UNLABELLED From a series of 1,833 patients with craniosynostosis, 278 cases with metopic synostosis were analysed. The prevalence of metopic synostosis was estimated in the region of 1 in 15,000 children. PATIENTS AND METHODS: All patients with metopic suture fusion were selected, excluding cases where additional sutures were involved. The age at diagnosis was between 15 days and 15 years. The diagnosis was based on clinical and radiological evaluation. The search for associated malformations was based on clinical evaluation, CT or MRI scans, bone X-rays and ultrasounds. If possible, a study of the karyotype was performed in case of associated malformation. Family information was obtained through contact with the families, generally in person or sometimes by telephone.

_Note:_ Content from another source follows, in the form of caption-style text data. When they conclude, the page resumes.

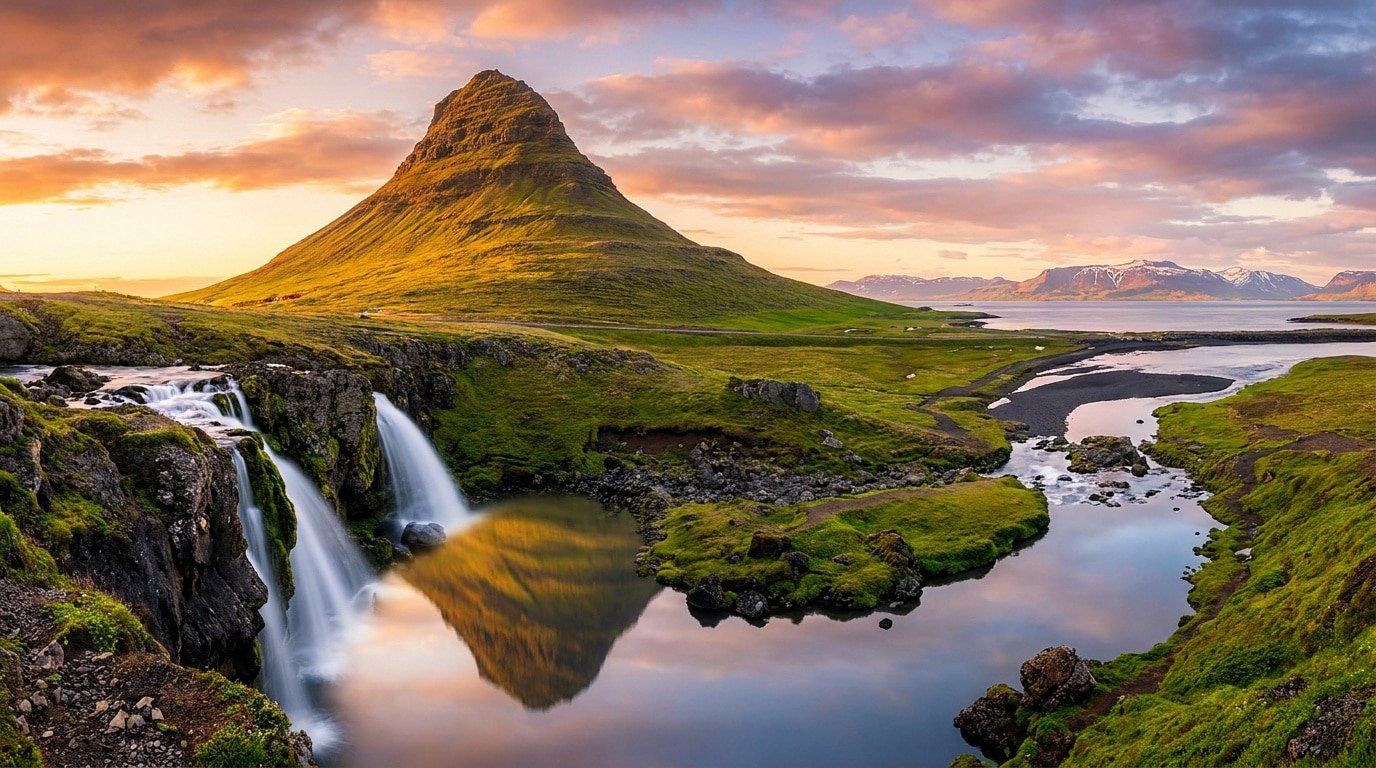 Chutes d'eau de Kirkjufellsfoss au pied de la montagne emblématique Kirkjufell sous un ciel coloré au coucher du soleil.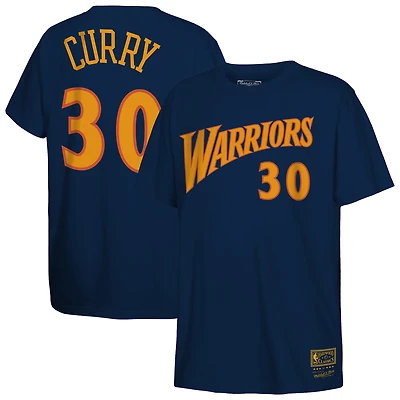 Youth Mitchell & Ness Stephen Curry Navy Golden State Warriors Hardwood Classics Name Number T-Shirt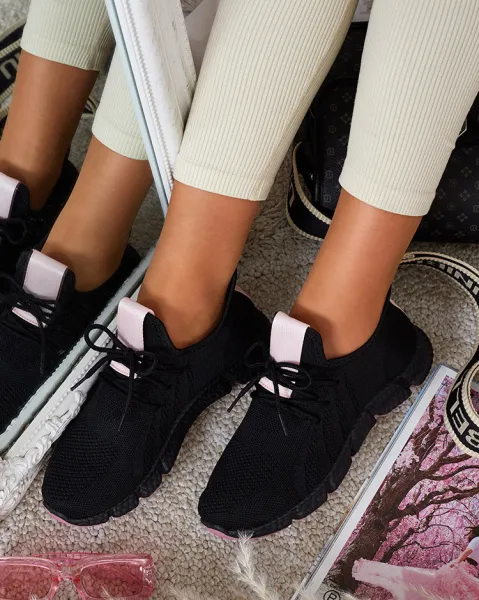 Resti Black and pink women's sports shoes Bommgi - Footwear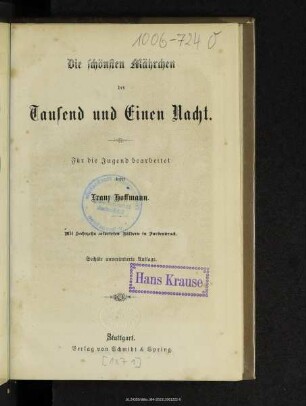 Die schönsten Mährchen der Tausend und einen Nacht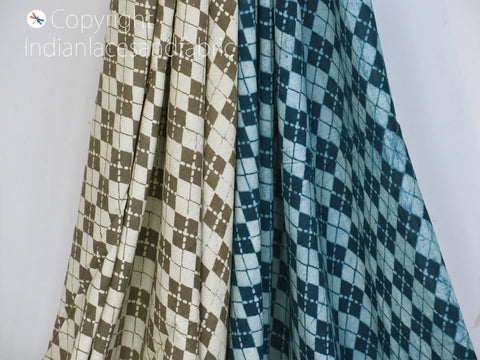 Block print fabric, indigo cotton, sewing fabric, indigo dress fabric, summer dress fabric, pure cotton fabric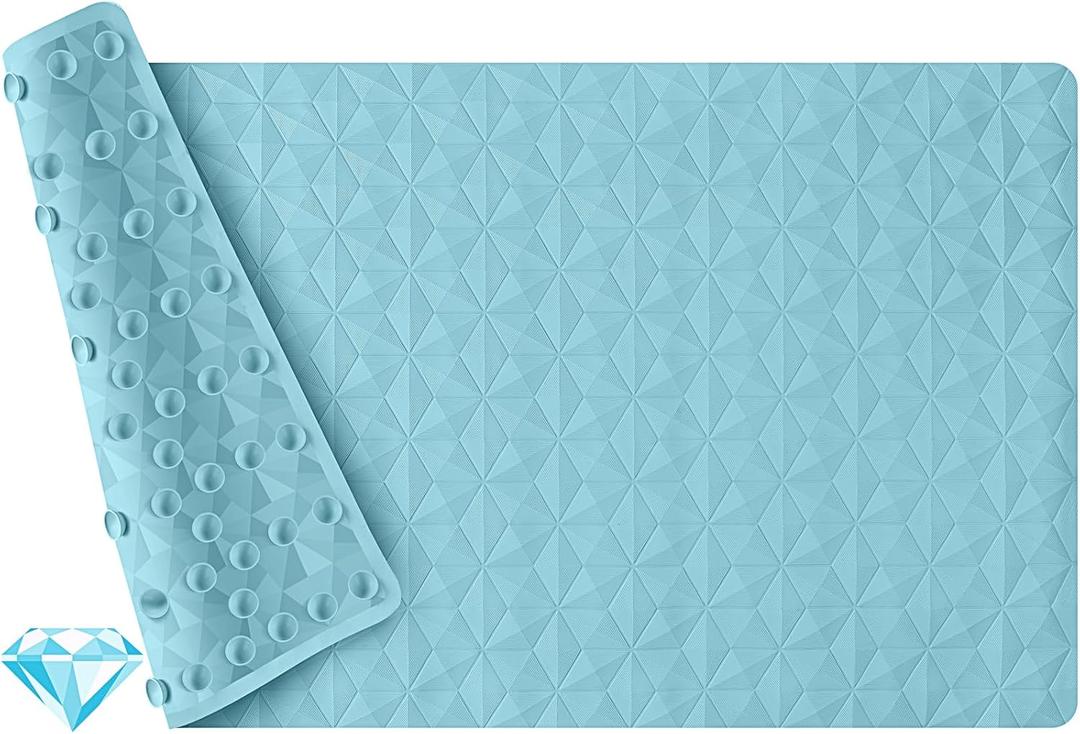 WRISIN Non Slip Bathtub Mat for Bath Tub Shower - Natural Rubber Mat with 241 Suction Cups - Soft Bathroom Safety Mat - Unique Diamond Pattern - Fatigue Relief - Machine Washable - 16  28 Inch (Blue)
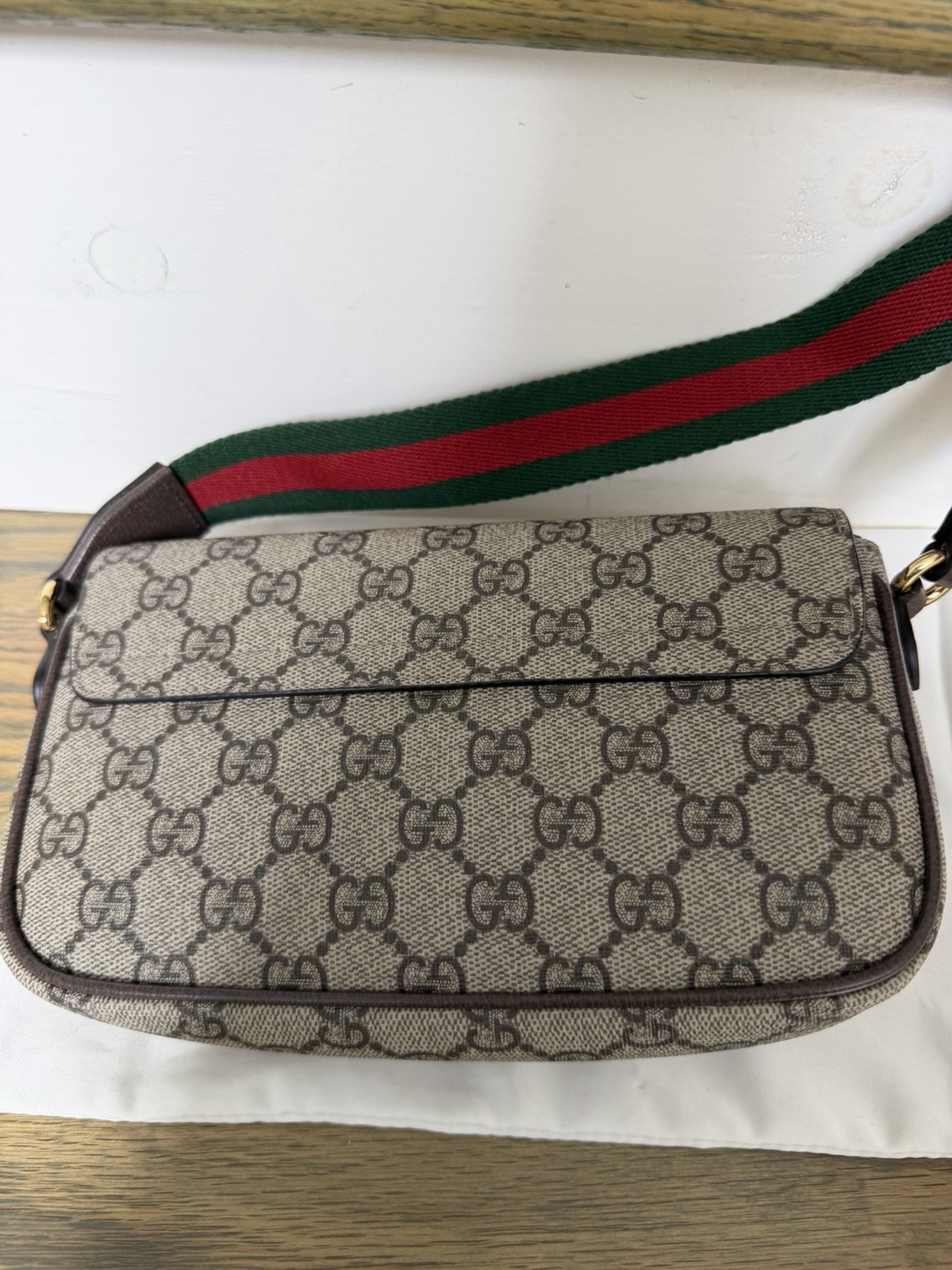 Gucci GG Supreme Monogram Web Stripe Shoulder Bag 764961 New With Tag .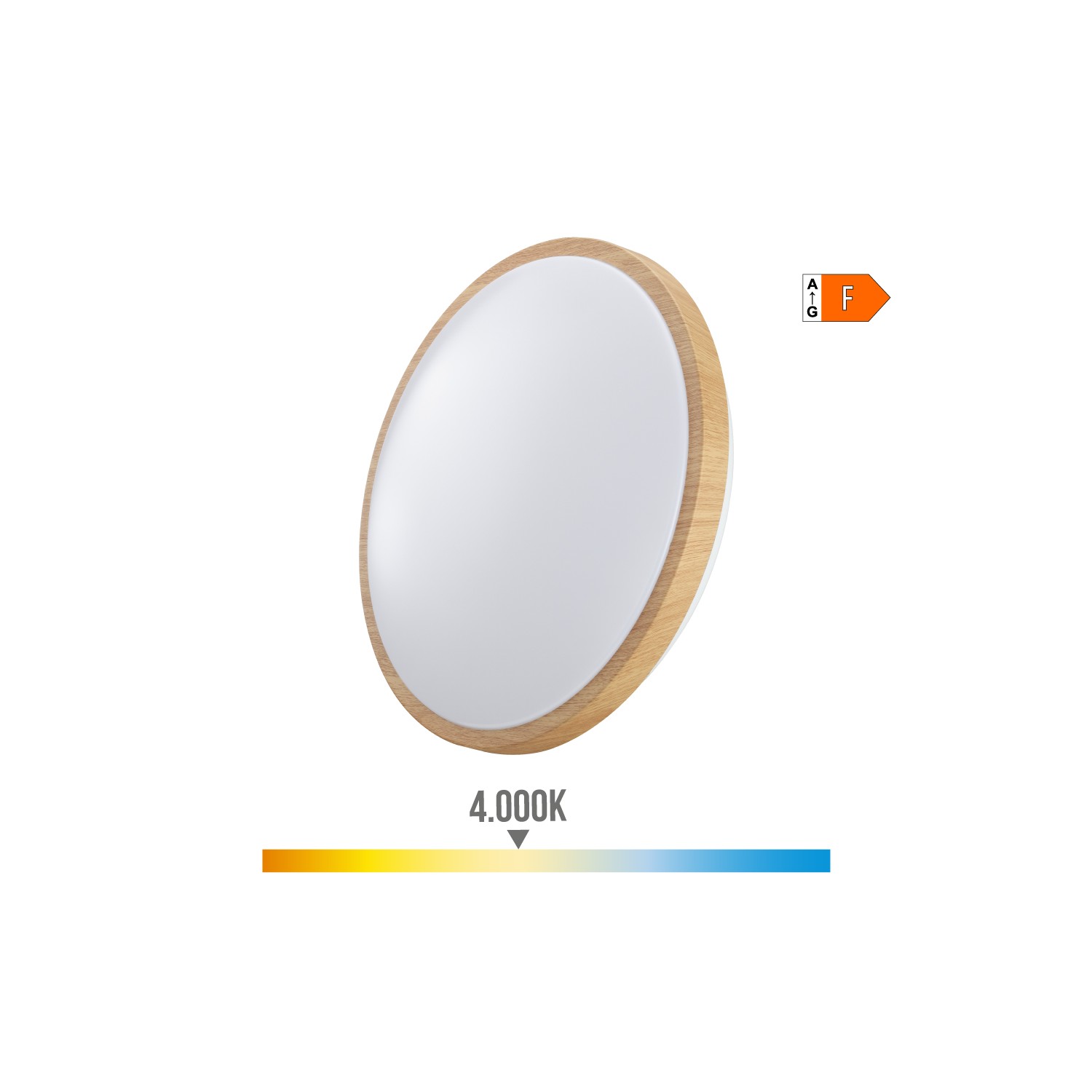 Aplique superficie circular led 18w 1820lm 4000k ø33x5,5cm efecto madera edm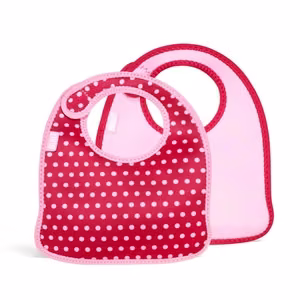 BUILT Mess Mate neopreno seilinukų mažyliams rinkinys, 2 vnt., Baby Pink Mini Dots
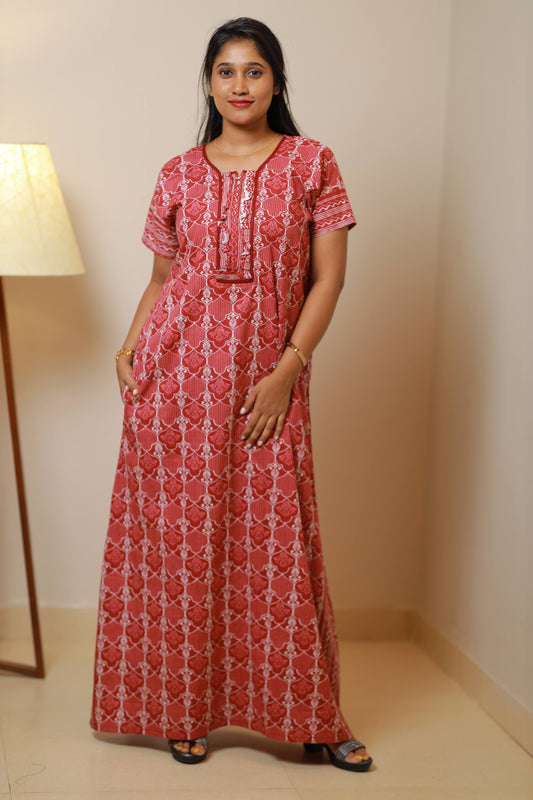 FANCY -Brown With White Flower Design Zip Nighty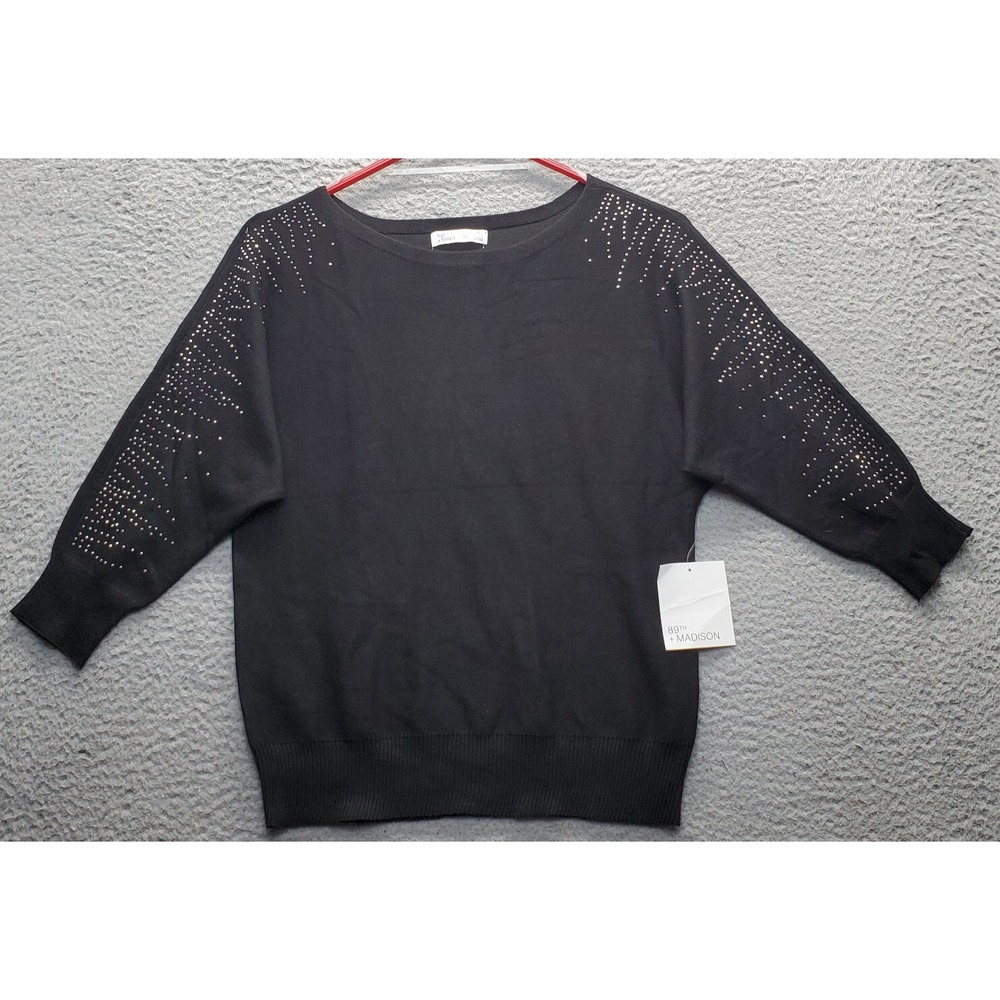 89th & Madison Sweater Womens S Black Beaded Raglan Sleeve Round Neck Pullover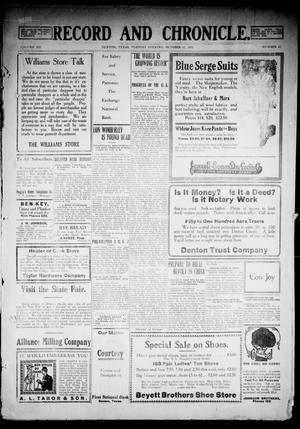 Record and Chronicle. (Denton, Tex.), Vol. 12, No. 52, Ed. 1 Tuesday, October 17, 1911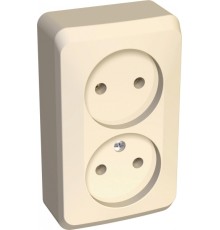 Systeme electric PA16-005K ЭТЮД О/У двойная РОЗЕТКА без заземления без шторок 16А 250B, КРЕМОВЫЙ, Россия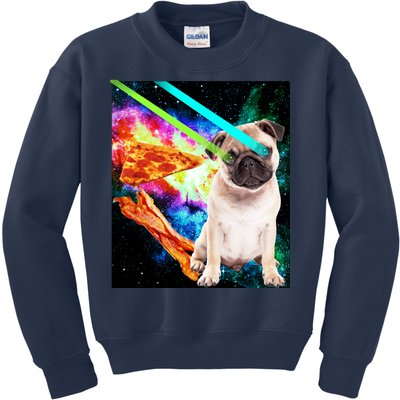 Space Hunger Pug Laser Pizza Bacon Kids Sweatshirt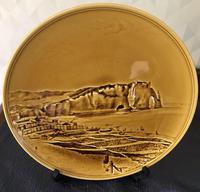 HB Choisy-le-roi Late 19th Century Faience French Relief Plate -  Etretat Beach in Normandy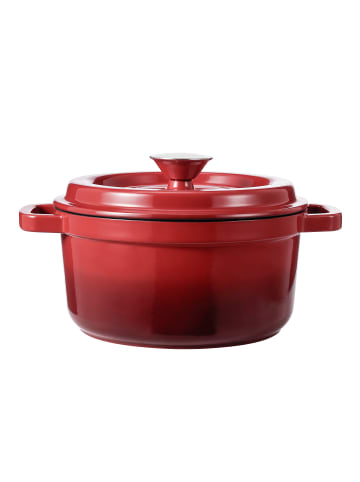 Home Nature Wohnkonzept Gusseisen Topf 5L emailliert in Rot ⌀26 cm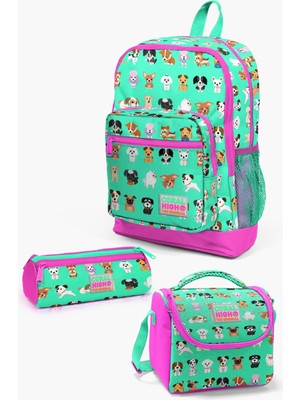 Coral High Kids Su Yeşili Neon Pembe Köpek Desenli 3’lü Okul Çanta Seti SET0123465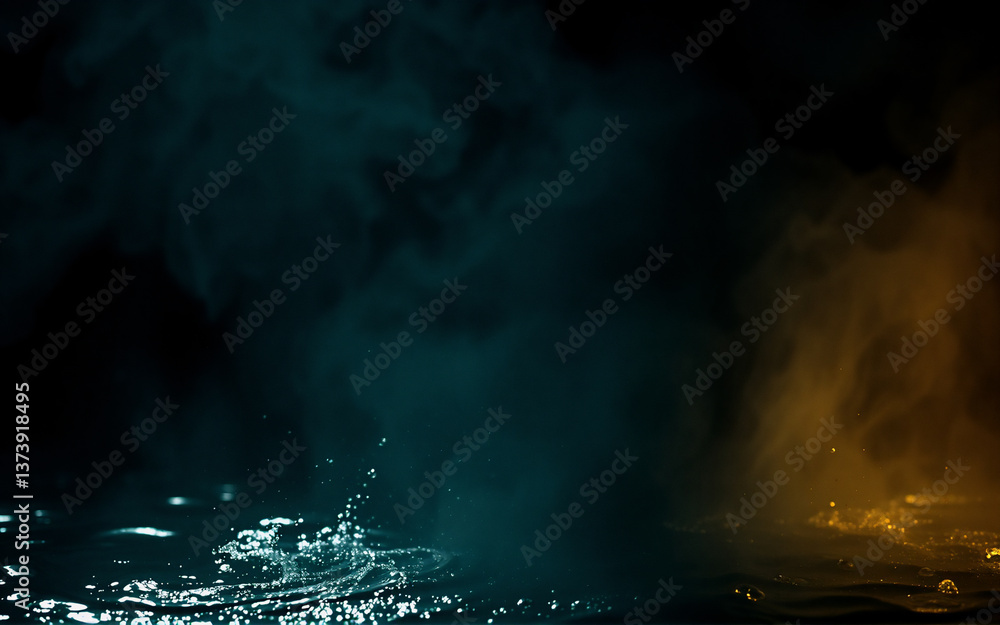 Aufkleber dramatic image of water splashes on a dark surface, illuminated by vibrant teal and orange smoke, cr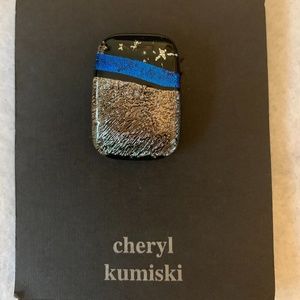 Fashion pin by stained glass artist Cheryl Kumiski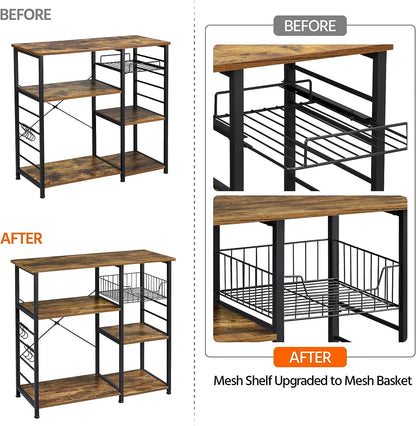Yaheetech 4-Tier Bakers Rack,Microwave Stand for Coffee Bar,Rustic Brown | Metal Coffee Station, Kitchen Racks Shelf with Storage,Wire Basket, Hooks,Adjustable Feet for Kitchenette,Small Apartment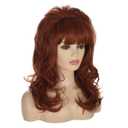 FVCENT 80s housewife wig Big Bouffant Hair Long Wavy Classical Beehive Wigs with Bangs Married Costumes for Women (Auburn)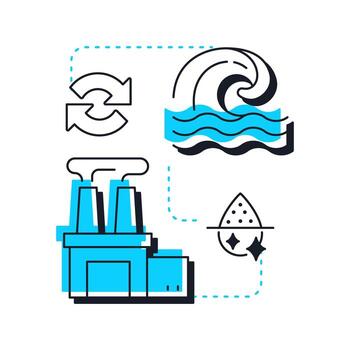 Desalination modern linear concept icon. Removing salt from seawater. Strategy for increasing water supply. Flat outline elements connected with dotted lines. Creative visual. Easy to edit vector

The series was divided into three groups isolated trigonocephaly (group 1), trigonocephaly associated with other malformations without any known syndrome (group 2) and well delineated syndromes (group 3). RESULTS: There were 213 males and 65 females, a sex ratio of 3.3. Family information was obtained from 222 probands distributed among 216 families. There was no maternal or paternal age effect. The frequency of twinning was 7.9%, with three concordances for metopic synostosis in three monozygotic twin pairs. A positive family history was obtained in 13 of the 216 pedigrees, giving a 6% figure of familial cases. A vertical transmission was observed in only one case; in all other cases, there were two affected children with normal parents. Eleven familial cases were isolated trigonocephalies, and two were syndromic. Nine of the 53 available karyotypes were abnormal, involving the chromosomes 7, 9, 11 or 13. There were 208 observations in the group 1. In 53 cases (group 2), associated malformations involved mainly the heart (12 cases), the limbs (six cases), the brain (five cases) and the genito-urinary tract (four cases). These malformations were unique in 32 cases and multiple in 21 cases. Some of the observations could represent new syndromes. Seventeen syndromes represented group 3. Nine were chromosomal syndromes. Eleven presented with multiple malformations. An in utero exposure to valproic acid was observed in two cases of the group 1, five cases of the group 2 and one case of the group 3.